Not Enlightenment – August 28 2019

Not Enlightenment – August 28 2019

In the mixture of starlight and cloud-reflected sunlight in which the desert world is now illuminated, each single object stands forth in preternatural though transient brilliance, a final assertion of existence before the coming of night: each rock and shrub and tree, each flower, each stem of grass, diverse and separate, vividly isolate, yet joined each to every other in a unity which generously includes me and my solitude as well… For a moment I think I’ve almost caught a falling star: there is no mystery; there is only paradox, the incontrovertible union of contradictory truths. A falling star which melts into vapor as I grasp it, which flows through my fingers like water, like smoke.

Edward Abbey,

Desert Solitaire

There are many people, even some of whom are deeply involved in meditation and spiritual study, who don’t care at all about enlightenment. 

What they are interested in is how to have a more peaceful life, how to become able to love, how to be more present in the world.

They want to find happiness and fulfillment.

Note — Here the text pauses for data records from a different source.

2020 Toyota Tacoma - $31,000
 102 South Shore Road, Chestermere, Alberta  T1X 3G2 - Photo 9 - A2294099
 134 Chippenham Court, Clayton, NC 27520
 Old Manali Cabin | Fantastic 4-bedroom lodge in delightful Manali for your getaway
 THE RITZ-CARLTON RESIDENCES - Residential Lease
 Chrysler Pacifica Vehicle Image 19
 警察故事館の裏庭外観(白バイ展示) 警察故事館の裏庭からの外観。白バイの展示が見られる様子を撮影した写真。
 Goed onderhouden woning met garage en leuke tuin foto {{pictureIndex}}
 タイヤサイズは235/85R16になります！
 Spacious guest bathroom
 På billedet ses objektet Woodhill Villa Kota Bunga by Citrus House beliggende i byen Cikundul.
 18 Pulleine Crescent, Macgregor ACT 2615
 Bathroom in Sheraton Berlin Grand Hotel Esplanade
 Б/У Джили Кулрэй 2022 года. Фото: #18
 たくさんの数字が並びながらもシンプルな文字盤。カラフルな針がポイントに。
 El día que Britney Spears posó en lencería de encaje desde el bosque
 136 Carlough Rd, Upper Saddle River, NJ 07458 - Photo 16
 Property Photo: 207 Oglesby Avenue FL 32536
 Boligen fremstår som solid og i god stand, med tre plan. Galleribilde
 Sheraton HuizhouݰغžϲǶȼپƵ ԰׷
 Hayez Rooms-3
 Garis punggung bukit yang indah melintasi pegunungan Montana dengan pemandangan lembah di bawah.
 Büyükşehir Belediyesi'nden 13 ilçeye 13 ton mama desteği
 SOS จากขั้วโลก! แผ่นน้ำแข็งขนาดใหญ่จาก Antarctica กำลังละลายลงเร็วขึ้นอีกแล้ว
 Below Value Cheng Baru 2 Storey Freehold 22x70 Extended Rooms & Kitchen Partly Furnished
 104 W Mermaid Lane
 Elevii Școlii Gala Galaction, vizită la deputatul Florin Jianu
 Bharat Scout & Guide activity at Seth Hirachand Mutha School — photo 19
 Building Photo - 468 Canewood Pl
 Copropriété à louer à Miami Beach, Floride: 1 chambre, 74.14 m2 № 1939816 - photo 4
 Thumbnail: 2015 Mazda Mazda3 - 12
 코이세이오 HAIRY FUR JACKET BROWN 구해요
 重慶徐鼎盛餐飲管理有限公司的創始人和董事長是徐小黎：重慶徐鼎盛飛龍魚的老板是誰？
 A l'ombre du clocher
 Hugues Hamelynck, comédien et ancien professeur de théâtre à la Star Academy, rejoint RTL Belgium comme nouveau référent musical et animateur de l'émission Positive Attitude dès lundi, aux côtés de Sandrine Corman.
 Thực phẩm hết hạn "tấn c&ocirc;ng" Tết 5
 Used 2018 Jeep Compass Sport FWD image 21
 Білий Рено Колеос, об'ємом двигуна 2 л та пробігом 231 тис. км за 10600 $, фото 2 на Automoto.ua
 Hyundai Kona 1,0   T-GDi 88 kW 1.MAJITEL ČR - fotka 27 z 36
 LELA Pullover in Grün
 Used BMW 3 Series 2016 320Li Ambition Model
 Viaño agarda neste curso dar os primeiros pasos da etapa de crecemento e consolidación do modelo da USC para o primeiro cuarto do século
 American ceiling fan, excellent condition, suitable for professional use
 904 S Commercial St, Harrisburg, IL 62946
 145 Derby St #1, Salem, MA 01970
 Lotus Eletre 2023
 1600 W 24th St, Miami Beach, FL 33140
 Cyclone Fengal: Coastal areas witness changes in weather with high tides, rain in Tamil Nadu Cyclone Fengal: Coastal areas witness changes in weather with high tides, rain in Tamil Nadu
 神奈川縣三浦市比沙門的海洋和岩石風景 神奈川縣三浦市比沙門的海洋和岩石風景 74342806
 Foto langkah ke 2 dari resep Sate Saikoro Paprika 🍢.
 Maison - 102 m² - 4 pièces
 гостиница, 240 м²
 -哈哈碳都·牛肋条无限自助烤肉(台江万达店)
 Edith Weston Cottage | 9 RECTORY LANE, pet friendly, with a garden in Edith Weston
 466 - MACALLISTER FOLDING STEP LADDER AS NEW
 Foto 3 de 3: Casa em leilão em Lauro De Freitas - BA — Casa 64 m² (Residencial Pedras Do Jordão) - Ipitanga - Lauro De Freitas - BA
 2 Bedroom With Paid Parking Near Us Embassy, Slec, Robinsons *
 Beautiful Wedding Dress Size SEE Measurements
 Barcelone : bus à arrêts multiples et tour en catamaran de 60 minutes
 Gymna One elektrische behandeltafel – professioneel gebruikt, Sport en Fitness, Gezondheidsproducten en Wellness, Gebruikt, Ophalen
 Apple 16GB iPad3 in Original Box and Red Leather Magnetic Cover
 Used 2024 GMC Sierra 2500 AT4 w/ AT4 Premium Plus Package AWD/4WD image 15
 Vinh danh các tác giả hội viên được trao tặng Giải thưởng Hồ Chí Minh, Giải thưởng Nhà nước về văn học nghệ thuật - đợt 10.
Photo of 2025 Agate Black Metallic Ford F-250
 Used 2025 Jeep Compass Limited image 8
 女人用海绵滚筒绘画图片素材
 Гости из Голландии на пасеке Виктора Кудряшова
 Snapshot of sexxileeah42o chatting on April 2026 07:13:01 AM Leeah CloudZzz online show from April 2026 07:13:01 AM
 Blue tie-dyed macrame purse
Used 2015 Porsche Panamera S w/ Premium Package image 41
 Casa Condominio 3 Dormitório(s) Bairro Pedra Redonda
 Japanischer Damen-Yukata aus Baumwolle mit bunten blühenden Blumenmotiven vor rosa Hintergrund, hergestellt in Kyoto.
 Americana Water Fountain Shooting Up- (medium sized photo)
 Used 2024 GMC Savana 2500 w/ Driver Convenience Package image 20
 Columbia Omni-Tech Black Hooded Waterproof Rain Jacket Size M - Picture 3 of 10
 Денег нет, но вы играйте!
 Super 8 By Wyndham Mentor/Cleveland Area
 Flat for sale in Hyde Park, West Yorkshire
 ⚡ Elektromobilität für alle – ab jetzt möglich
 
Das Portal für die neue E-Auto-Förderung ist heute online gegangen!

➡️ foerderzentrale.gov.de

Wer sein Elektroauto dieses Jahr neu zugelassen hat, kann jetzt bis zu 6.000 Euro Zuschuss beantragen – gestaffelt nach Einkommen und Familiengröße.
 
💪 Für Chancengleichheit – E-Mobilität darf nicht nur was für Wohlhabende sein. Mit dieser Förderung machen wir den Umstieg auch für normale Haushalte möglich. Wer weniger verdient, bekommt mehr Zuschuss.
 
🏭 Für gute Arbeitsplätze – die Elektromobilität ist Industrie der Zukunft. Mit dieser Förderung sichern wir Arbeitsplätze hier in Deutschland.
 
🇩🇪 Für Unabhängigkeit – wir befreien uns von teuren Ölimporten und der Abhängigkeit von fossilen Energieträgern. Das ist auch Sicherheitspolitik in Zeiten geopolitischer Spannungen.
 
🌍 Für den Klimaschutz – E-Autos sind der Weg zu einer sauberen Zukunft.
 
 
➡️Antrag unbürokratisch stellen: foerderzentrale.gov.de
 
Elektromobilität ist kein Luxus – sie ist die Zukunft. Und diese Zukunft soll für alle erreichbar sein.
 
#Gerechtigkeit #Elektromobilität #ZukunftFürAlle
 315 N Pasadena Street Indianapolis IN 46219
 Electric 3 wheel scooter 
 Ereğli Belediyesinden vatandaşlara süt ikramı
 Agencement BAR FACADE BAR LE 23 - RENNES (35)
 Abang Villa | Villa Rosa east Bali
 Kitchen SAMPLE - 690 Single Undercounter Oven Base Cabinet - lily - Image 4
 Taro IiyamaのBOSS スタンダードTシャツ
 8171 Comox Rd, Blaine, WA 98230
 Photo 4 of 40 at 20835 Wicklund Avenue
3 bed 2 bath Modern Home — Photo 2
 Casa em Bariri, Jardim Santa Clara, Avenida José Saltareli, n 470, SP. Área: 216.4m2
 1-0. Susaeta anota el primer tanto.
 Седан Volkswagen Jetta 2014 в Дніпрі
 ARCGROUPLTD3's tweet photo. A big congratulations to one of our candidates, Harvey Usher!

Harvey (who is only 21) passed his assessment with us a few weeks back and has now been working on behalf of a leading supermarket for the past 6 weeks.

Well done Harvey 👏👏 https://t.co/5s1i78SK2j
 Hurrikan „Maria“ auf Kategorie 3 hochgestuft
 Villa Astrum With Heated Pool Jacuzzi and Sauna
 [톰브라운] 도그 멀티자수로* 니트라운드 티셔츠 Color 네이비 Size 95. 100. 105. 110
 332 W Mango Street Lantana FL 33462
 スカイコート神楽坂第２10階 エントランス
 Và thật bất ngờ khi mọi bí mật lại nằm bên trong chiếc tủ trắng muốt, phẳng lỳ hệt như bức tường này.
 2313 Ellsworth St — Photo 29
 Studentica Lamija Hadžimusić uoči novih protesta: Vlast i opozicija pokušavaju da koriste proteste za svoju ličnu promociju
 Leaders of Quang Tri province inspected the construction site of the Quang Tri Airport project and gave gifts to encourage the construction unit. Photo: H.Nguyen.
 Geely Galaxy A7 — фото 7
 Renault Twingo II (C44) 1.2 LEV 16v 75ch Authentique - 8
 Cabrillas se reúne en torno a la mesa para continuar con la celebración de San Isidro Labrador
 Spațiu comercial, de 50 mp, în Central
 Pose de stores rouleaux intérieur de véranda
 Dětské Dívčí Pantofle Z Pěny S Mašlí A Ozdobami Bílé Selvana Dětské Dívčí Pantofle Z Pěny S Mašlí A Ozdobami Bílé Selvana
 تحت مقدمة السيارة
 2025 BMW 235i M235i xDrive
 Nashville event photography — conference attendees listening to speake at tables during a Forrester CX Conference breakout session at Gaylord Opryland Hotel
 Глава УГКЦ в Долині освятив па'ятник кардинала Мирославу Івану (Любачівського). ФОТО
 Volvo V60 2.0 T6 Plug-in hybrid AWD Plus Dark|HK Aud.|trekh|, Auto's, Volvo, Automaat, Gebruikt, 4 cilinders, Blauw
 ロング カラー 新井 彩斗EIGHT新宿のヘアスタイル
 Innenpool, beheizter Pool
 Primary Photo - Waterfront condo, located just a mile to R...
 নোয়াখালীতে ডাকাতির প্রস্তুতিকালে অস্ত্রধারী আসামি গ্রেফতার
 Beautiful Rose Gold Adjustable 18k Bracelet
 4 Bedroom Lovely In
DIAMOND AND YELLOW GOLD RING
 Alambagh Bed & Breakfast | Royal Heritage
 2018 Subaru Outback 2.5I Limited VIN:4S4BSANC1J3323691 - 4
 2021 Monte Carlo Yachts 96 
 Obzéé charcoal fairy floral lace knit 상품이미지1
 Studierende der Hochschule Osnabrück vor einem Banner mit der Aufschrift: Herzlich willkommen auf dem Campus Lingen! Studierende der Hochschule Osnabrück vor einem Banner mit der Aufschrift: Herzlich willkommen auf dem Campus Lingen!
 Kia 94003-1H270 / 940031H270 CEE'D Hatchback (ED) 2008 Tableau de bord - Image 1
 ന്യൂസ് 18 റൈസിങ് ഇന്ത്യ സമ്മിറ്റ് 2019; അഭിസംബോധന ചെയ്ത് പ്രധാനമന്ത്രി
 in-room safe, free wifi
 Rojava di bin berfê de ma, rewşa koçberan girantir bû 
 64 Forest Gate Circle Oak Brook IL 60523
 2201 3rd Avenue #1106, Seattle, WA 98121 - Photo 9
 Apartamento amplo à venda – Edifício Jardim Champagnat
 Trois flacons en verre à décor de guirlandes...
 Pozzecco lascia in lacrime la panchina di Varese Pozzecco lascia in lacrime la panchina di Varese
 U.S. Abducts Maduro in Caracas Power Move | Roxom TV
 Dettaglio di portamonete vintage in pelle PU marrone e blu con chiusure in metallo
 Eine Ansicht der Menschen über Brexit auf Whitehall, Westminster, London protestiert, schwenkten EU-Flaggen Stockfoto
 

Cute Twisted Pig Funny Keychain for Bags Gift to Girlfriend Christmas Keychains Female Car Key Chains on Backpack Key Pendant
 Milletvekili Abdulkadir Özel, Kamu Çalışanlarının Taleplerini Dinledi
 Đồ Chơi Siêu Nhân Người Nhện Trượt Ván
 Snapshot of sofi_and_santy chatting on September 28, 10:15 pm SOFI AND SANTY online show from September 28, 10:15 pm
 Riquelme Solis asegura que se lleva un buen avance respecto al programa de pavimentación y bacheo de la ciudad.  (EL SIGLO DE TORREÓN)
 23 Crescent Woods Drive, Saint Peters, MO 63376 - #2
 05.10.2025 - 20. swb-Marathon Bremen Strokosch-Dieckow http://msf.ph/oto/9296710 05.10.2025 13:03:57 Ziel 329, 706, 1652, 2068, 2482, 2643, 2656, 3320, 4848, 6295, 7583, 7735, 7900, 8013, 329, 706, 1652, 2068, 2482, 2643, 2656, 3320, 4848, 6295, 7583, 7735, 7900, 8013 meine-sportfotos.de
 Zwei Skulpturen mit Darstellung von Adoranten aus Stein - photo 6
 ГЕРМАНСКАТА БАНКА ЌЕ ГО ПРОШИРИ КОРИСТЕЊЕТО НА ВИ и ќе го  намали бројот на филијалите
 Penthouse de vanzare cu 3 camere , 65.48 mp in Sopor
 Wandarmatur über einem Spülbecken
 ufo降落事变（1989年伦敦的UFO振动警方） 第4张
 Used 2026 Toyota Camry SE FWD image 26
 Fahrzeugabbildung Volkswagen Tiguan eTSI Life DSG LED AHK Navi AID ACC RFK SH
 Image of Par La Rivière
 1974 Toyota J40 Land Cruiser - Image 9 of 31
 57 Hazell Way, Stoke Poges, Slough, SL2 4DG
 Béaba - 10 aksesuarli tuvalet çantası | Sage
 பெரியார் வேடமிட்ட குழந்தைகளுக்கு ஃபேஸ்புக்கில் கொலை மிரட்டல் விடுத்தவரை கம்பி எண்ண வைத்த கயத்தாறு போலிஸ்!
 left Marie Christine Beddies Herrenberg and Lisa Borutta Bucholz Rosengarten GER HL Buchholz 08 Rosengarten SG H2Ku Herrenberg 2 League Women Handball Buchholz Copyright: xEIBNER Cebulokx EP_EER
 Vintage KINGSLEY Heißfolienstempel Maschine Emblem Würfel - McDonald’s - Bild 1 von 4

Can meditation and spiritual study help in this regard? Absolutely. Meditation releases stresses from the body, allowing one to be more and more present in the world and available to the experience of the world.

With less stress, a writer will find it easier to write, a runner will find it more effortless to run, a lover will find love more available to give.

And meditation allows us to transcend thoughts and feelings, so we begin to have contact with the place of pure Being within each of us.

Pure Being is the place of happiness and fulfillment, and to know it is to realize that happiness is always available to us, regardless of the external facts of our life. Happiness is our birthright. Happiness is what we are, beneath the mistaken belief that we are this outer self.

We do not need to seek enlightenment. All we need is to seek to become more awake, day by day. The Veda teaches that consciousness is infinite. Our ability to wake up to consciousness must also be infinite. There always is some new experience awaiting only our attention. Nature has so much it wishes to show us. Will I be present enough to appreciate it? How awake can I be today?

Today I will bring myself wholly to the world, and I will ask of the world, as if it were alive and conscious and wise, to show me what it would have me see.